WIESO ES SO BEREICHERND IST, DAS GUTE IM FLUSS ZU HALTEN
Ich bin Geschäftsmann aus Leidenschaft. Verhandeln gehört dazu und selten, aber doch: Feilschen. Um Rechte, um Zeit, um Geld. Das mag paradox klingen, gerade im Feilschen liegt viel Potenzial für Großzügigkeit. Verhandeln ist eine uralte Kulturtechnik, manchmal ein Strategiespiel, immer eine Choreografie aus Argumenten – kunstvollen oder linkischen, je nachdem. In der Wirtschaft ist um dieses Thema eine ganze Seminarindustrie entstan-den: Sie verkauft Werkzeugkisten für richtiges Verhandeln. Mit etwas Übung weiß man, wer am Besprechungstisch welches Werkzeug verwendet. Es gibt sie für jede Situation, aber es gibt, um in diesem Bild zu bleiben, auch das eine „Lea therman-Tool“, das alles kann und immer funktioniert: Großzügigkeit.

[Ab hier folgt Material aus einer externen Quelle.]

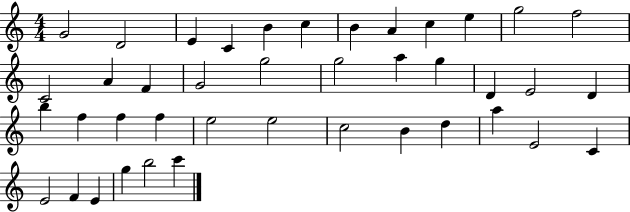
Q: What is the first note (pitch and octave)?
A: G4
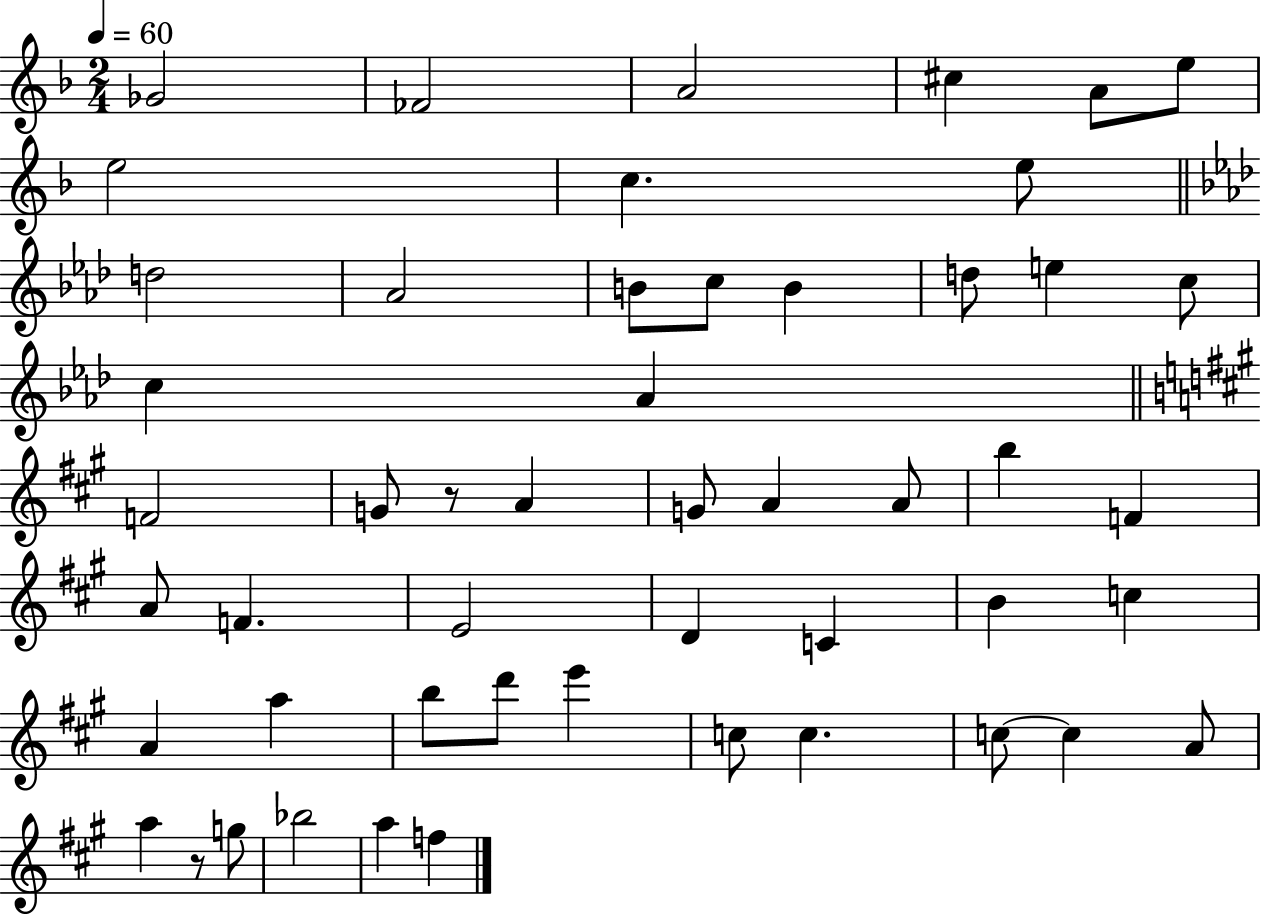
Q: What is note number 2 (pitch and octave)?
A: FES4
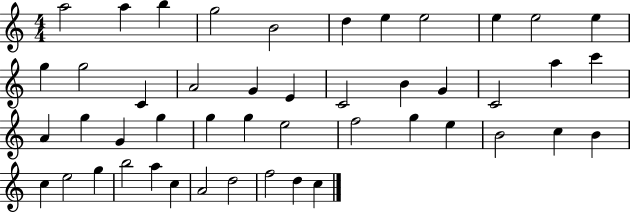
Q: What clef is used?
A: treble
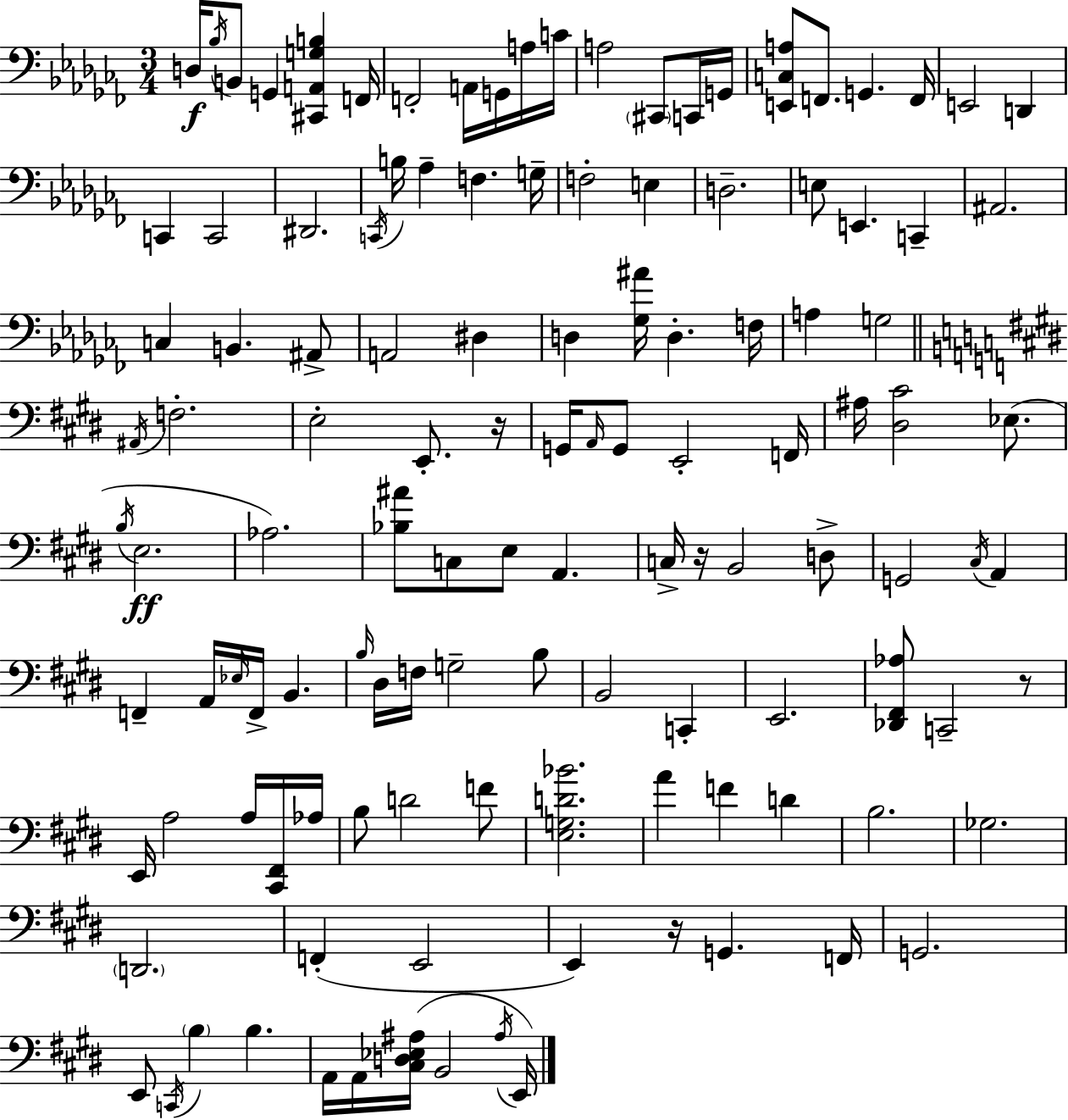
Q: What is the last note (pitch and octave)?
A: E2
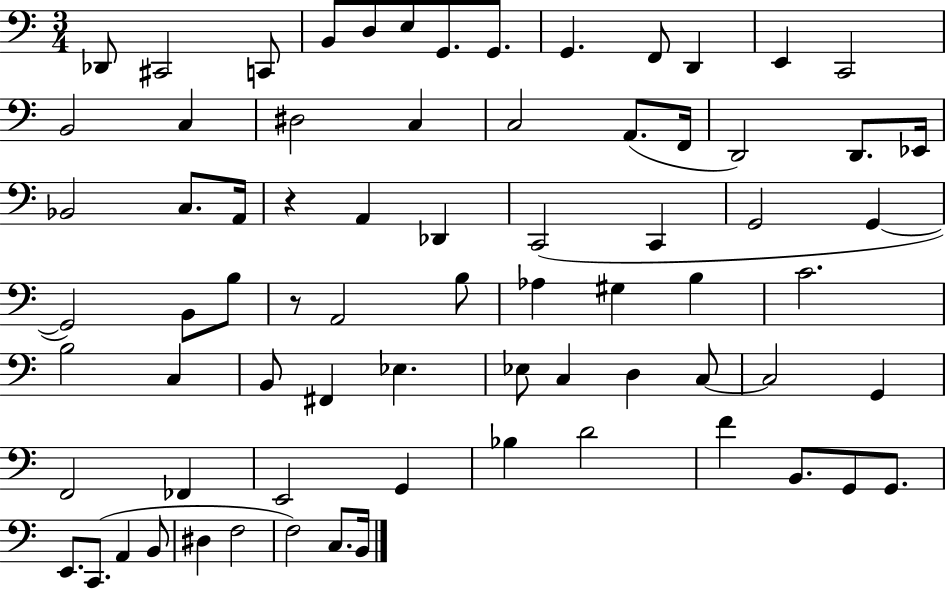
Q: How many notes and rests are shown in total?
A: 73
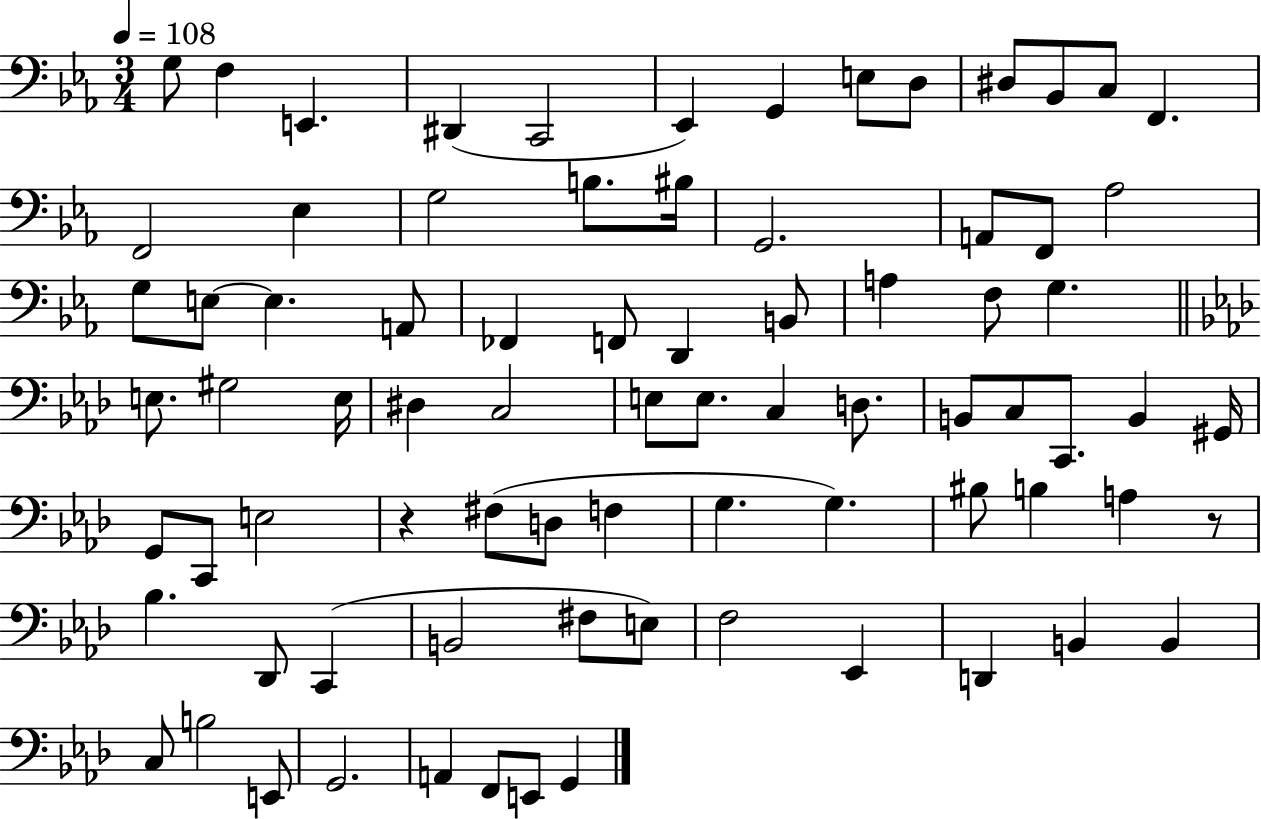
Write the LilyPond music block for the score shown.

{
  \clef bass
  \numericTimeSignature
  \time 3/4
  \key ees \major
  \tempo 4 = 108
  g8 f4 e,4. | dis,4( c,2 | ees,4) g,4 e8 d8 | dis8 bes,8 c8 f,4. | \break f,2 ees4 | g2 b8. bis16 | g,2. | a,8 f,8 aes2 | \break g8 e8~~ e4. a,8 | fes,4 f,8 d,4 b,8 | a4 f8 g4. | \bar "||" \break \key aes \major e8. gis2 e16 | dis4 c2 | e8 e8. c4 d8. | b,8 c8 c,8. b,4 gis,16 | \break g,8 c,8 e2 | r4 fis8( d8 f4 | g4. g4.) | bis8 b4 a4 r8 | \break bes4. des,8 c,4( | b,2 fis8 e8) | f2 ees,4 | d,4 b,4 b,4 | \break c8 b2 e,8 | g,2. | a,4 f,8 e,8 g,4 | \bar "|."
}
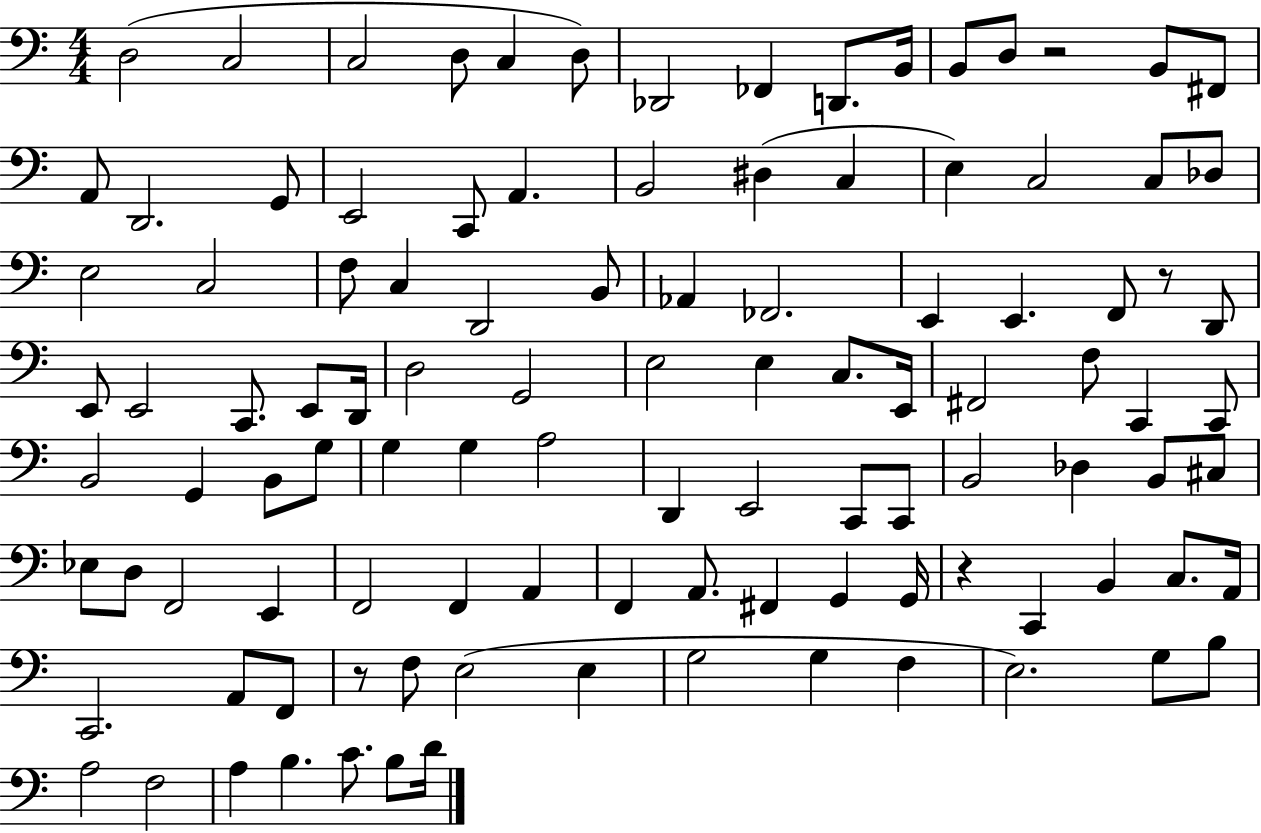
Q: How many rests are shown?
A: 4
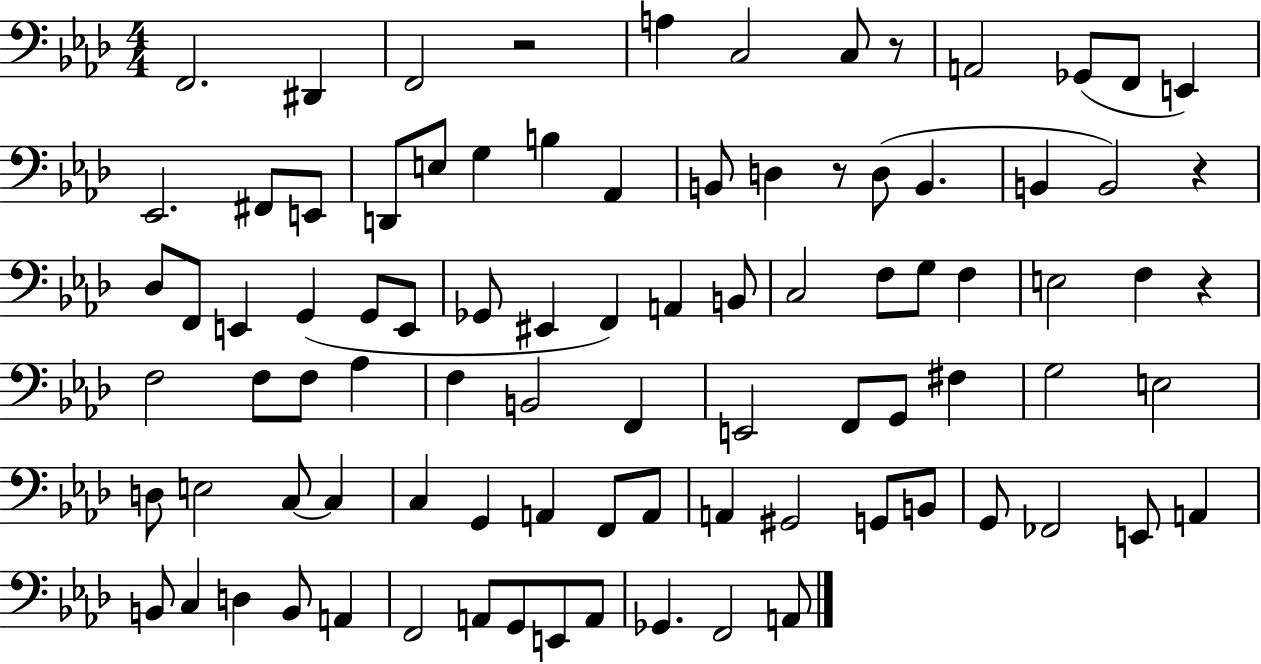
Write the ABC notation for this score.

X:1
T:Untitled
M:4/4
L:1/4
K:Ab
F,,2 ^D,, F,,2 z2 A, C,2 C,/2 z/2 A,,2 _G,,/2 F,,/2 E,, _E,,2 ^F,,/2 E,,/2 D,,/2 E,/2 G, B, _A,, B,,/2 D, z/2 D,/2 B,, B,, B,,2 z _D,/2 F,,/2 E,, G,, G,,/2 E,,/2 _G,,/2 ^E,, F,, A,, B,,/2 C,2 F,/2 G,/2 F, E,2 F, z F,2 F,/2 F,/2 _A, F, B,,2 F,, E,,2 F,,/2 G,,/2 ^F, G,2 E,2 D,/2 E,2 C,/2 C, C, G,, A,, F,,/2 A,,/2 A,, ^G,,2 G,,/2 B,,/2 G,,/2 _F,,2 E,,/2 A,, B,,/2 C, D, B,,/2 A,, F,,2 A,,/2 G,,/2 E,,/2 A,,/2 _G,, F,,2 A,,/2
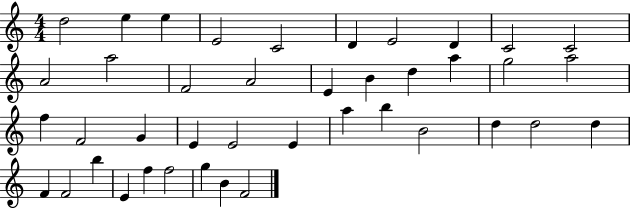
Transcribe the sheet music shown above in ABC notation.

X:1
T:Untitled
M:4/4
L:1/4
K:C
d2 e e E2 C2 D E2 D C2 C2 A2 a2 F2 A2 E B d a g2 a2 f F2 G E E2 E a b B2 d d2 d F F2 b E f f2 g B F2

Wunder bewirkt sie schon im Kleinen: Geht es um Geld, bezahlt man Rechnungen, wenn man sie bekommt und nicht erst bei deren Fälligkeit. Geht es um Zeit, insistiert man nicht, sondern verschiebt Termine nach hinten, damit alle wieder Luft zum Atmen haben. Geht es um Rechte, nimmt man für sich nur in Anspruch, was essenziell ist, und verzichtet auf Justament-Standpunkte. Ob im privaten oder beruflichen Kontext: Großzügigkeit verbessert Beziehungen und das Leben ganz generell.
Ich bin kein Metaphysiker, doch bei der Großzügigkeit glaube ich an ein großes Energiespiel: „Halte das Gute im Fluss, und du wirst nie von ihm abgeschnitten sein.“ Ich bin ein Geizkragen, was meine Zeit anbelangt, und nehme Einladungen selten wahr. Wenn es Menschen allerdings wirklich wichtig ist, dass ich komme, dann komme ich auch. Ähnlich ist’s, wenn ich um Rat gebeten werde: Ich nehme mir Zeit und halte nichts zurück – und auf die eine oder andere Art gleicht sich das irgendwann aus. Oder auch nicht: Großzügigkeit kennzeichnet sich dadurch, dass sie eben kein Gegengeschäft ist – und sich die Frage „Was habe ich davon?“ nicht stellt.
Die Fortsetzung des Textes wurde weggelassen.